Despite all the strong guesswork in the world, Mike Sigrist’s favorite deck of the moment wasn’t right for the Pro Tour. But that hardly means it’s wrong for the future! Mike explains #SCGMKE’s Standard Classic dynamics as only a pro can!

Pro Tour Kaladesh is behind us and it appears that, for the time being, control is king. Shota Yasooka is our new champion with a Grixis Control build featuring Torrential Gearhulk and Thing in the Ice as primary win conditions.

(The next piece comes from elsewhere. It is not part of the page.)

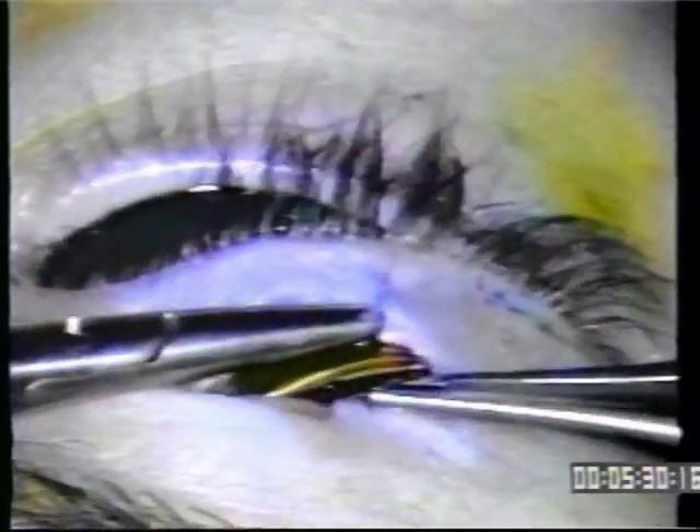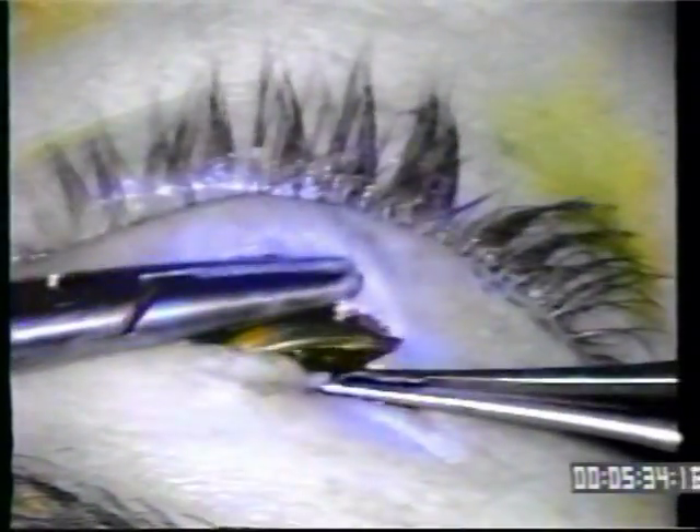Now we've fixed the gold inferiorly. The superior fixation is again through the hole, through the orbital septum, and then out — with five throws on the top suture. A suture is placed on the third hole as well, so that the gold will be completely fixed from three millimeters above the lash line inferiorly to the orbital septum superiorly. Once that's completed, the wound will be closed in layers.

I am left wondering if this deck is going to be a major player in the new Standard format or if this deck, like many before, is a deck only Shota will find success with.

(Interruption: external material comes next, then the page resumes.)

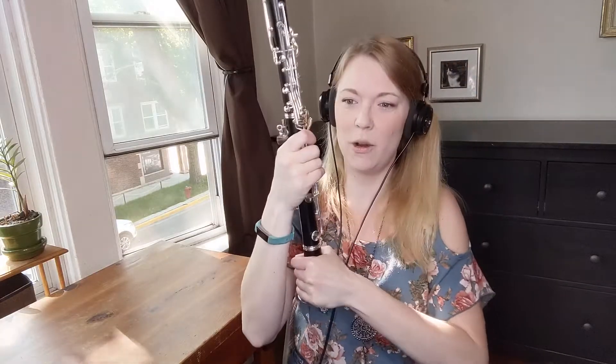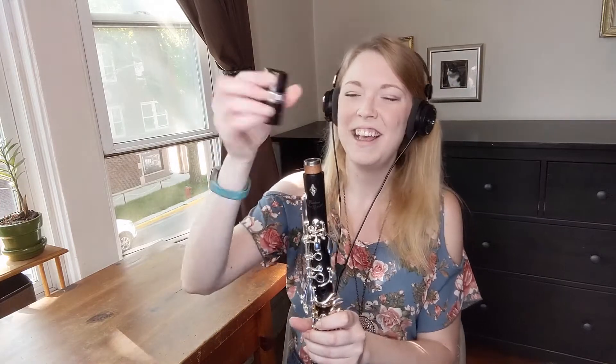So the next thing we're going to do is put on the bell of the clarinet. Do you remember what that is? Good job! So you just put that on the bottom joint — the bottom joint with all the keys. So now it's kind of starting to look like a clarinet, right? The instrument that you know and will soon very much love. So the next piece is the barrel — can you guys get the barrel? We're going to put that on the cork at the very top, just like that.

Preparing for this tournament was much more difficult than any Standard tournament I’ve ever prepared for. Testing Kaladesh Standard felt a lot like Modern to me. Fast aggressive decks with good mana. Combo decks that put Emrakul, the Promised End onto the battlefield on turn 4. Vehicles and Scrapheap Scrounger gave aggressive decks a rare resiliency, making it difficult to keep up with aggressive decks for a control player. R/G Energy Aggro felt a lot like Modern Infect, having the ability to kill on turn 4 through removal with a Larger Than Life Bristling Hydra.

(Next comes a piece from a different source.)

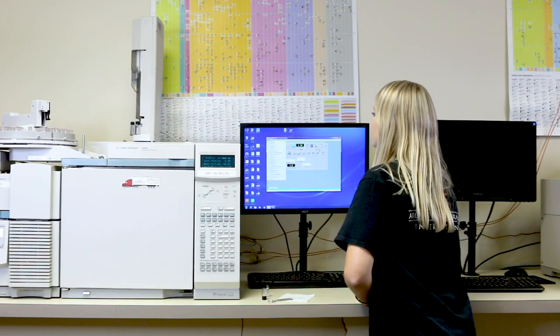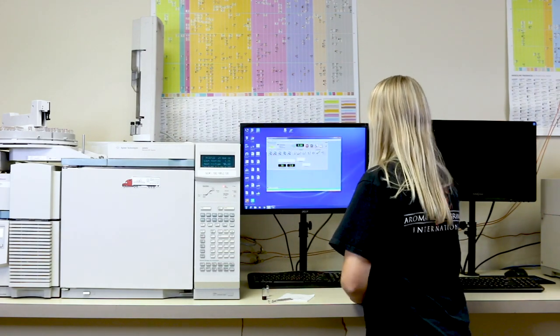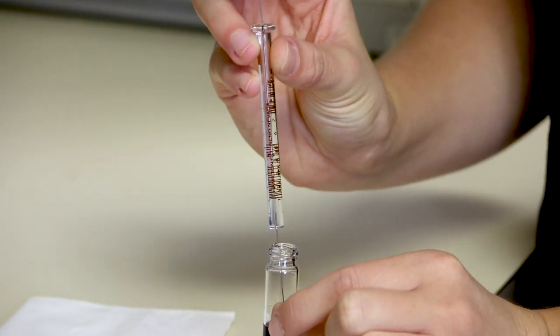We will now create a new project and fill in all the information we need. It's time to fill the syringe with the fragrance oil we want to duplicate. This is done three times to ensure the syringe is filled completely with the fragrance. Make sure not to capture any air bubbles.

With so many powerful cards and strategies in the format, it was extremely difficult to pinpoint a metagame. The early indication was that R/W Vehicles was the deck to beat, and with good reason. I was thoroughly impressed at how well-built the deck Chris VanMeter piloted to victory at the SCG Tour stop in Indianapolis was. Days of testing went by trying to find a few decks that could compete with R/W Vehicles, and very few did.

After playing countless hours with a wide variety of ideas, we settled on a Jund Delirium deck that featured Grim Flayer and Kalitas, Traitor of Ghet, unlike previous iterations, though this Jund Delirum deck was much closer to traditional B/G Delirium with just a pair of Radiant Flames to replace Languish from last season than it was to previous iterations with Kozilek’s Return. Our initial idea was that various Prized Amalgam decks and aggressive strategies like R/W Vehicles and R/B Aggro would dominate the metagame. For this purpose, we thought we could play a reactive strategy focused on beating these decks and go over the top of any control decks that wanted to try to step in their way with Emrakul, the Promised End.

This was my decklist at Pro Tour Kaladesh:


In the end, we were wrong.

You see, in testing, we always play as if we know what’s going on within a matchup. We know each other’s decks, and know each other’s sideboard plans. We do this because it’s important to try to win the tournament, and in the Top 8 you get each other’s decklist to test the matchup the night before.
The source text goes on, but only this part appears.